My brief experience in Lebanon led me to believe that wildlife conservation could play an important role in conflict torn areas. Despite more than two decades of war in Lebanon, the conservation movement had grown up and flourished, with very little outside contact. It reminded me that in 1975 I had been present at a ceremony in what was then Zaire, presenting medals to wardens who had guarded the national parks throughout their recent civil war. And in Rwanda, the guards stayed loyal, and the gorillas survived, despite the terrible genocide. More recently, last year I visited Uganda, where there are many very enthusiastic and dedicated conservationist, despite the years of war.

So is there serious philanthropy somewhere in cyberspace? If anyone fancies being really innovative and putting up some funds I’d be delighted to hear from them.

Tuesday, 3 June 2003

Chelsea Flower Show

Chelsea Flower Show, Alan Titchmarsh, Monty Don and Peat,

BBC TV's presentation of the world-famous Chelsea Flower Show last week was thorough, and for most gardeners one of the highlights of the viewing year. I was particularly impressed with Messers Titmarsh and Don tackling the thorny issue of the use of peat. But as usual the Royal Horticultural Society (RHS) are doing too little too late. In fact they are doing virtually nothing, which, as the leading horticultural organisation, is appalling. Peat extraction for the gardening trade is destroying thousands of acres of unique habitat. David Bellamy, and most high profile TV gardeners have spoken out against the trade, but it continues unabated.
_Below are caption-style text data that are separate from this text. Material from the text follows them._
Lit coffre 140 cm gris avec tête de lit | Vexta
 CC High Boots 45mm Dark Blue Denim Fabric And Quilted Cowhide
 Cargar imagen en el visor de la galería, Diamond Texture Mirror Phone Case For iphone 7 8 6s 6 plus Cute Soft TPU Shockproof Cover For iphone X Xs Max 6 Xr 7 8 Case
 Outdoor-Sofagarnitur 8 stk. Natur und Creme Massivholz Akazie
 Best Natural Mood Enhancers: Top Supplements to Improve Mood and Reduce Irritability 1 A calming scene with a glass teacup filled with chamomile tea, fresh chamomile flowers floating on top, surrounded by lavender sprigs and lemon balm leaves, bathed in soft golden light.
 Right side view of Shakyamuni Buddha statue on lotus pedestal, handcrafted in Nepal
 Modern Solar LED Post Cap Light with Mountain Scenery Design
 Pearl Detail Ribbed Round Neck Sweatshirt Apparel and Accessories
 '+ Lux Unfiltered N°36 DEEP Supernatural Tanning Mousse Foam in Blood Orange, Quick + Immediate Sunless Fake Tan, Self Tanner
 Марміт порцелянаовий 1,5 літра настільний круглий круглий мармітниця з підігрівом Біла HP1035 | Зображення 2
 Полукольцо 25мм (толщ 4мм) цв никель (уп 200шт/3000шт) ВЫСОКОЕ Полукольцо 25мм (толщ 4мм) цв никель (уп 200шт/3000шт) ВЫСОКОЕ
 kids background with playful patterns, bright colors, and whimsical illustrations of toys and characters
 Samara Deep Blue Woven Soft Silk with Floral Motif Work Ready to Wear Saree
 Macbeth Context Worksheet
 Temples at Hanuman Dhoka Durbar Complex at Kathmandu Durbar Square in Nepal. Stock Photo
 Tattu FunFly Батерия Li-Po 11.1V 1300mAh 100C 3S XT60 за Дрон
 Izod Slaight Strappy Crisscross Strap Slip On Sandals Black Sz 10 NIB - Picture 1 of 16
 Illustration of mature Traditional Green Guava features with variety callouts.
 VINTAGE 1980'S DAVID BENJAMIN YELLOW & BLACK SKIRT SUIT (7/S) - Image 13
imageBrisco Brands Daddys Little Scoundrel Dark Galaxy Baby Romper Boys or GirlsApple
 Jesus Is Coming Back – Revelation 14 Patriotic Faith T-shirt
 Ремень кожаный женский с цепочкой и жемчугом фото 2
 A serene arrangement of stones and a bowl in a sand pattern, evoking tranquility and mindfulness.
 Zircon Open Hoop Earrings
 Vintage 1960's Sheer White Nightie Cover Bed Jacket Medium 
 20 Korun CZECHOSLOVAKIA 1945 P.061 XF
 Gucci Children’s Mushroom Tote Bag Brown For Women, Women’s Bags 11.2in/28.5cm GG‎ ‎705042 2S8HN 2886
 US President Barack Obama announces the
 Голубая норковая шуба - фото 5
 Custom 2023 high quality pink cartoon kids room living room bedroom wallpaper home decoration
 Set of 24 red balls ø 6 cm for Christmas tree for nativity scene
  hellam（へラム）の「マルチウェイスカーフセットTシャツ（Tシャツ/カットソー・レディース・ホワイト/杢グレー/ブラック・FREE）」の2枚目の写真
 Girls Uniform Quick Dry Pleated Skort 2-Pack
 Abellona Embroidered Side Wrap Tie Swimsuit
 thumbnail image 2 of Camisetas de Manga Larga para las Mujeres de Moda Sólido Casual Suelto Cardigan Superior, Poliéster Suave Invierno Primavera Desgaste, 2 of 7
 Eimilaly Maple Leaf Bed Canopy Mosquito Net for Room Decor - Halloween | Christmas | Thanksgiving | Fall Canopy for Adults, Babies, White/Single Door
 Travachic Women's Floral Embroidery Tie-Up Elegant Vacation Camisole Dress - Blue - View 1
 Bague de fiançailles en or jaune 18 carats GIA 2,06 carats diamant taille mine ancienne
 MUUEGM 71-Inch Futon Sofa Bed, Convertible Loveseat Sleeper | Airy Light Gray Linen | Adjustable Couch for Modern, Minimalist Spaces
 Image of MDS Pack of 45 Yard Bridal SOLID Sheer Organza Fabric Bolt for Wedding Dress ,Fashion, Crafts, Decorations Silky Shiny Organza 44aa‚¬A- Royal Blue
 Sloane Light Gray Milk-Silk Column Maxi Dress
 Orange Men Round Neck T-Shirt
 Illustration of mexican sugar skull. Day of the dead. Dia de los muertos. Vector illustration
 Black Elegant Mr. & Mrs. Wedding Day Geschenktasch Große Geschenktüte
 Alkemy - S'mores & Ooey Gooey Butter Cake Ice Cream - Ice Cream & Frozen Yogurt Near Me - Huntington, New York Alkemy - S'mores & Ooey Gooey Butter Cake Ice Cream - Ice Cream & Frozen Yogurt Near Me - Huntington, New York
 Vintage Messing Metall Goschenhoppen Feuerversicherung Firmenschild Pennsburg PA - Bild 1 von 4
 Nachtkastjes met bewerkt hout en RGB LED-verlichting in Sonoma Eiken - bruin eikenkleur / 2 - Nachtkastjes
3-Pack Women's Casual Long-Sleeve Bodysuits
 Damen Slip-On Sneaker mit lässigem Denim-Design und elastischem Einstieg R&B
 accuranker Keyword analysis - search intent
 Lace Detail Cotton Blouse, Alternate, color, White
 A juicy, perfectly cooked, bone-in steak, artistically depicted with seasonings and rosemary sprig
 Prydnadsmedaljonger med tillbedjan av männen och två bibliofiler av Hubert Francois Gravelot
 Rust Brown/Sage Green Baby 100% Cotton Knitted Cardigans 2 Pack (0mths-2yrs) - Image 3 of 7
Many years ago, when I was Executive Secretary of the Fauna Preservation Society, we managed to extend the Society's remit to include plants, and it became the Fauna and Flora Preservation Society (now Fauna & Flora International); and one of our first campaigns related to the import of hundreds of tonnes of wild collected bulbs. But I could not get the RHS to take a strong stance against the trade - banning the exhibition of wild collected orchids and bulbs for instance. Twenty years on the RHS is still being weak-kneed over conservation issues. There is absolutely no reason why they should not ban the use of peat in any form at the Chelsea Flower Show. But will they? No. A spokesman for the RHS when tackled on the issue by Alan and Monty gave very unsatisfactory answers. I was a member of the RHS for many years, but I resigned over their failure to take action over the bulb trade. It is time RHS members took a firm stance over the use of peat. Geoff Hamilton, one of the most popular gardeners of the last century, was a strong advocate of peat-free gardening - and he died in 1996. How is it the RHS has not taken action nearly eight years after his death?